The Mississippi Legislature’s attempt to create four unelected special circuit court judges in Hinds County is unconstitutional, the Mississippi Supreme Court ruled today, while upholding House Bill 1020’s creation of a single inferior court in Jackson’s Capitol Complex Improvement District. Justices heard arguments in the case in July.
In an 8-0 decision, the justices agreed with resident plaintiffs Ann Saunders, Sabvreen Sharriff and Dorothy Triplett’s argument that H.B. 1020 “Section 1’s creation of four new appointed ‘temporary special circuit judges’ in the Seventh Circuit Court District for a specified, almost-four-year term violates our Constitition’s requirement that circuit judges be elected for a four-year term.”
Read the Mississippi Supreme Court’s ruling.

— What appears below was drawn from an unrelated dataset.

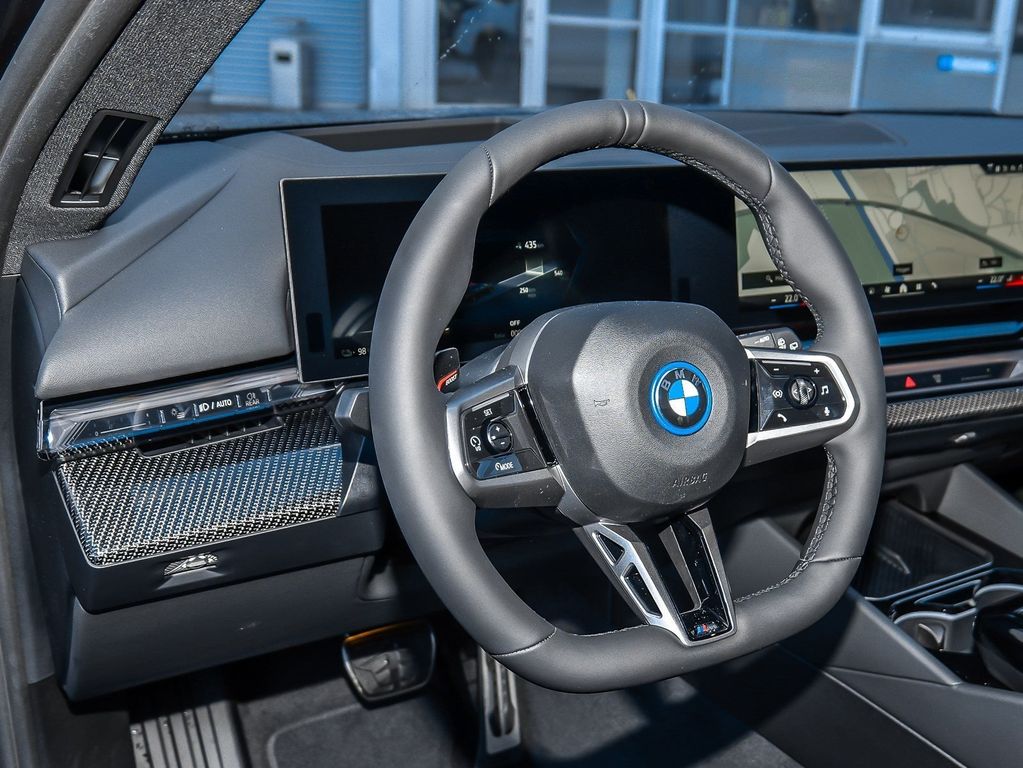 BMW i5 2025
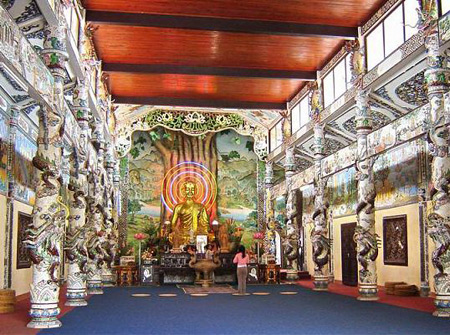 Những ngôi chùa tuyệt đẹp ở Đà Lạt - 4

“While Section 1 calls these new judges ‘special circuit judges’ on paper, we see nothing special or unique about them—certainly nothing expressly tethering them to a specific judicial need or exigency,” says the ruling, which reversed a lower court decision. “Rather, Section 1’s text merely creates four unelected circuit court judgeships, appointed into Hinds County to serve three-and-a-half years instead of four.” Justice James D. Maxwell II wrote for the majority.

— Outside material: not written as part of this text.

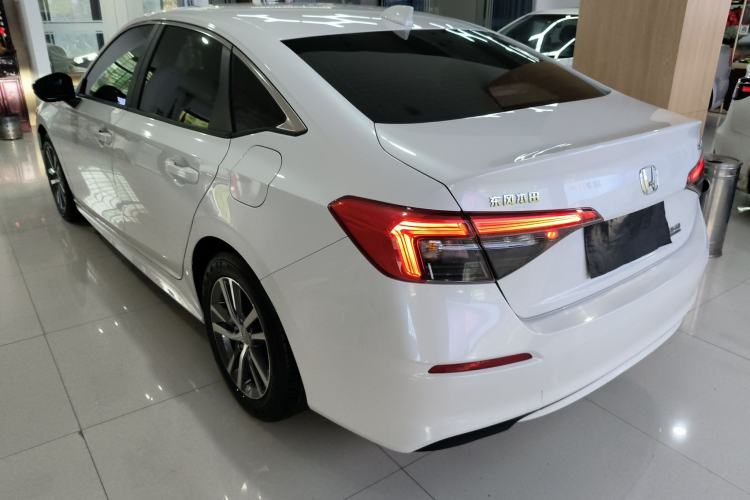 Used Honda Civic 2023 240TURBO CVT Dynamic · Center Stage Special Edition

If H.B. 1020 had been fully upheld, Mississippi Supreme Court Chief Justice Michael K. Randolph, who is white and recused himself from the case, would have appointed four unelected circuit court judges in Hinds County, which is more than 70% Black. Opponents said doing so would have diminished the majority-Black population’s ability to select their own judges.

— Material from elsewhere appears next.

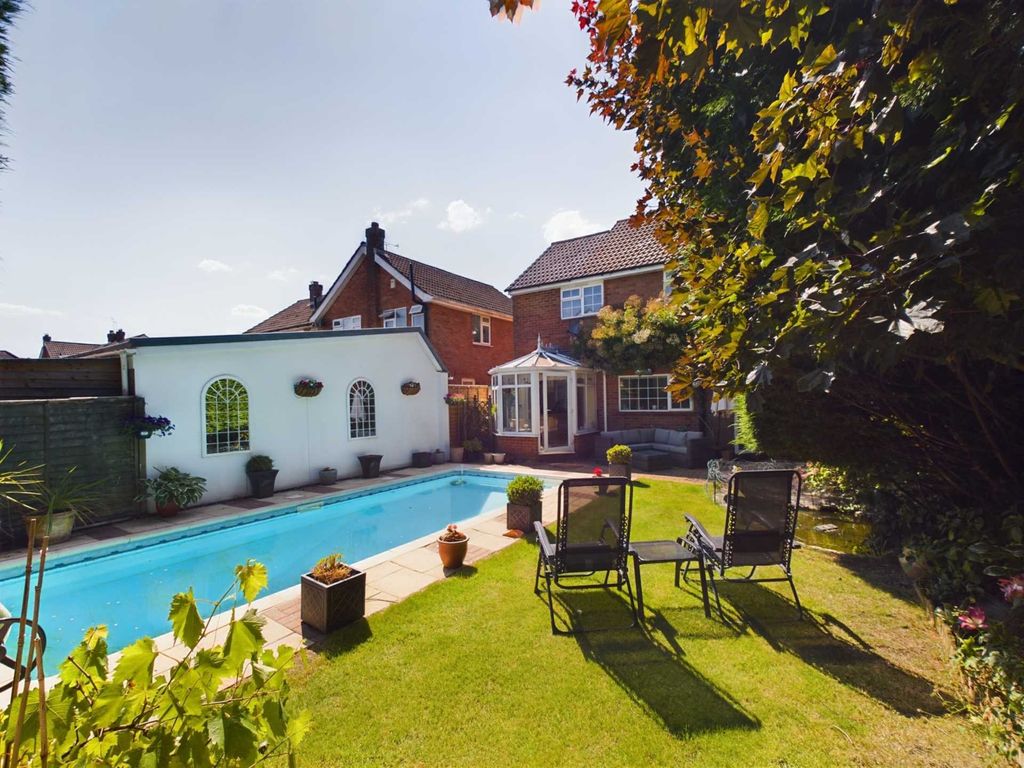 4 bed detached house for sale in New Road, Stokenchurch, High Wycombe HP14, £600,000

But despite finding H.B. 1020’s required appointments unconstitutional, today’s opinion emphasizes that “there is no constitutional impediment to the Chief Justice temporarily appointing special judges to assist the Seventh Circuit District Court—or any other judicial district in Mississippi facing exigent circumstances.” The chief justice, the court added, has the authority to appoint temporary special judges to address “emergencies or overcrowded dockets,” noting that the same authority has been routinely used in the past.
Justice James W. Kitchens dissented in part, disagreeing with the decision to uphold the CCID inferior court, writing that it was based upon a “fiction of convenience that overreaches our judicial function and, of ultimate importance, our constitutional duty.”